Path for drone (uas flight) with overlapping dots representing uas drone picture locations
Drone Scribbles

7 thoughts on “O man. Epic 3D on its way. I could drone on and on about #postgis

    1. BTW, are you planning to be the first package manager to wrap up and put a bow on SFCGAL? It’s not too bad to get going on Ubuntu, but it’s not exactly a picnic either… . It’d be awesome to see it in the Windows builds.

      1. That’s in my plans. I was close I think — got sfcgal to compile, cgal 4.2 to compile, but got stuck getting postgis to be happy with the sfcgal and cgal connection (that was a while ago and oslandia had made some fixes since then at my request). I’m planning to have it packaged with PostGIS 2.2. Too late for 2.1, but once I have the kinks worked out will have available on winnie PostGIS 2.2 buildbot builds for people to try.
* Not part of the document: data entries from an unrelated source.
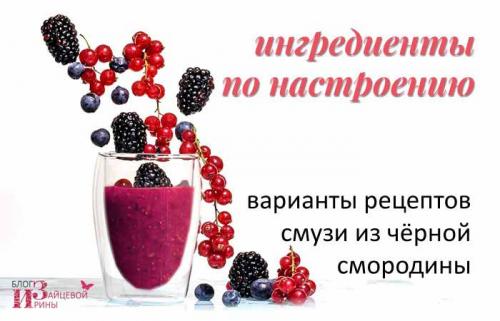 С какими фруктами или ягодами лучше сочетать черную смородину в смузи. Смузи из черной смородины. Рецепты и рекомендации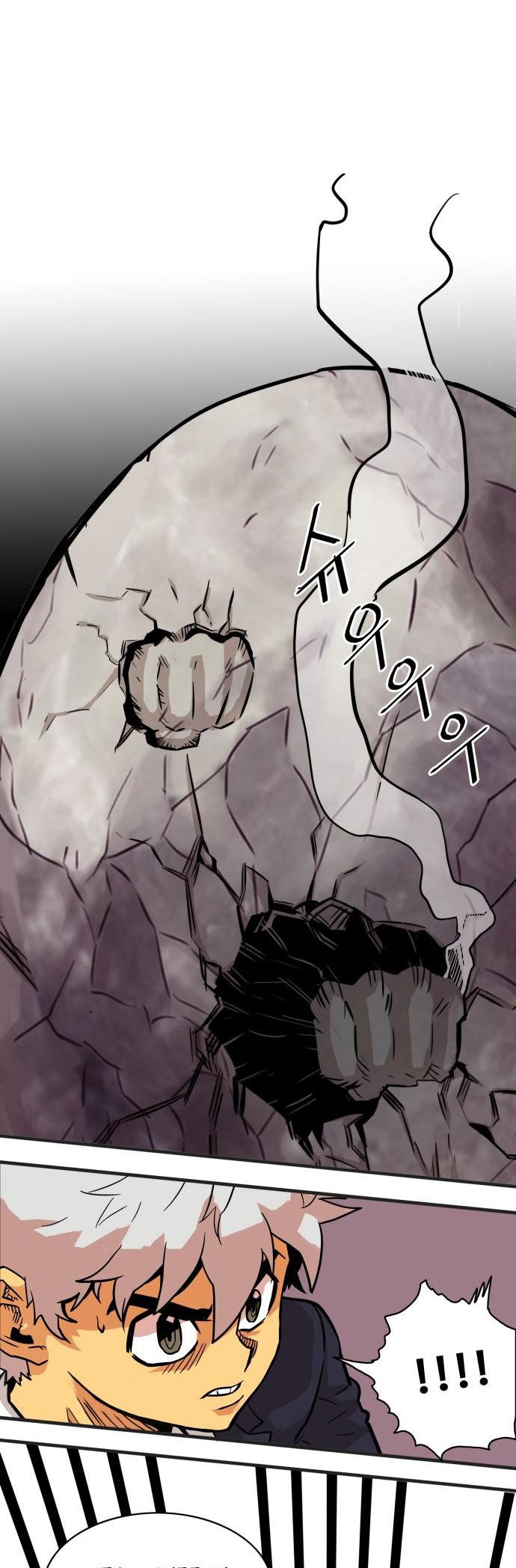 Troll Trap Chapter 47 page 50 - Chapter 47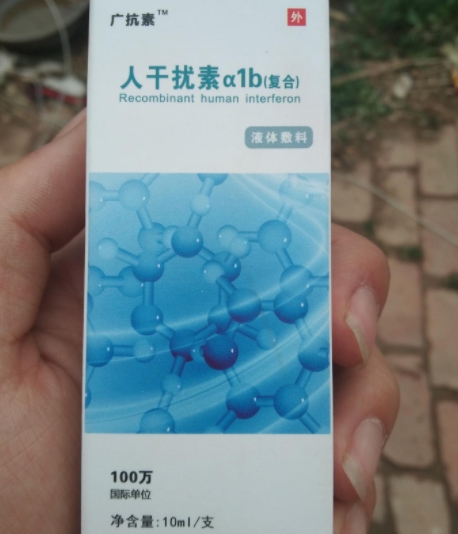 广抗素人干扰素a1b(复合)液体敷料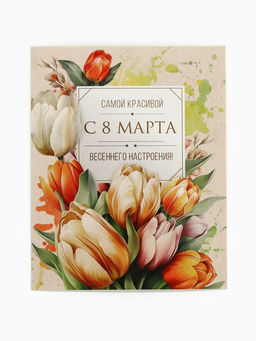 Цена за 10 шт. Открытка-мини С 8 Марта!, 8?10 см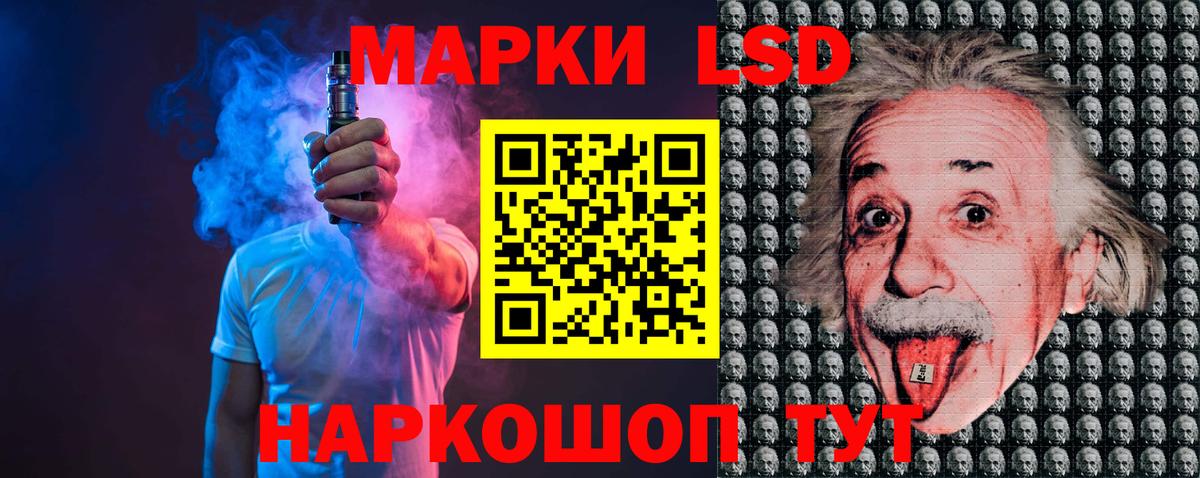 Избербаш  ЛСД экстази кислота  LSD-25 экстази ecstasy  Вход с VPN 
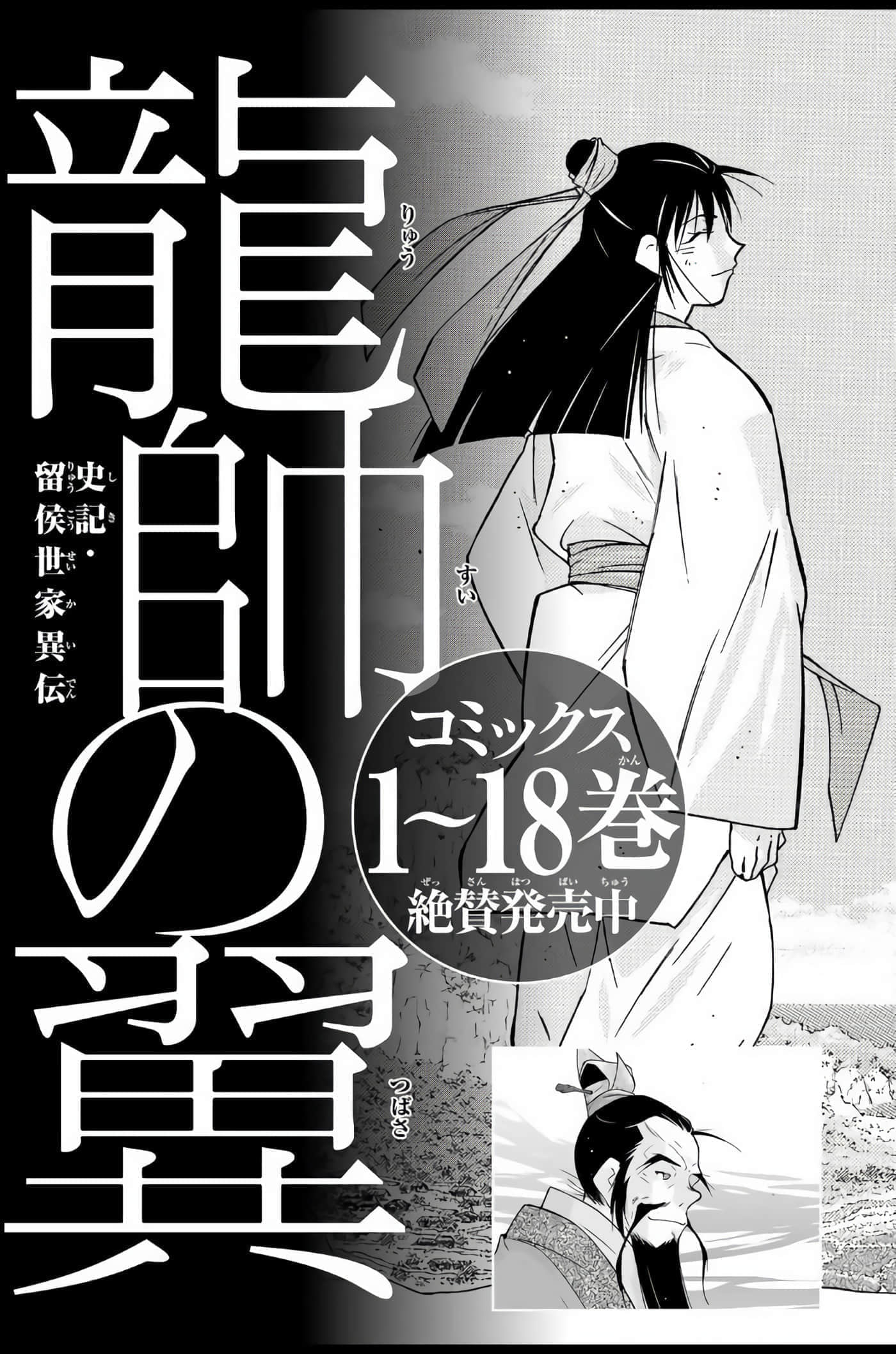 第 206 页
  1. Any plans on making the scripts and data available? I’m mostly interested in testing (valgrind, callgrind, etc.)…

    1. Data can be found here:
      https://github.com/smathermather/postgis-cookbook-data/tree/master/chp07

      although expect these datasets to be in flux for the next couple of days.

      PostGIS is used at the beginning and end:

      1) PostGIS can be used to optimize the ordering of the images that go into the sparse bundle adjustment by looking at likely 3D viewshed overlap based on GPS location, pitch, roll, and heading (assuming the step I haven’t tested yet of calculating 3D intersections just works…). In this way, pairwise comparisons of matches can be optimized, and the number of cross comparisons minimized. A simpler method might be to just ORDER BY ST_GeoHash.

      2) Point cloud creation is in bundler/PMVS, i.e. https://www.cs.cornell.edu/~snavely/bundler/ This step could be partially done in PostGIS too (importantly, the part with patent encumbered code) with the addition of OpenCV and sift: http://docs.opencv.org/modules/nonfree/doc/feature_detection.html?highlight=sift )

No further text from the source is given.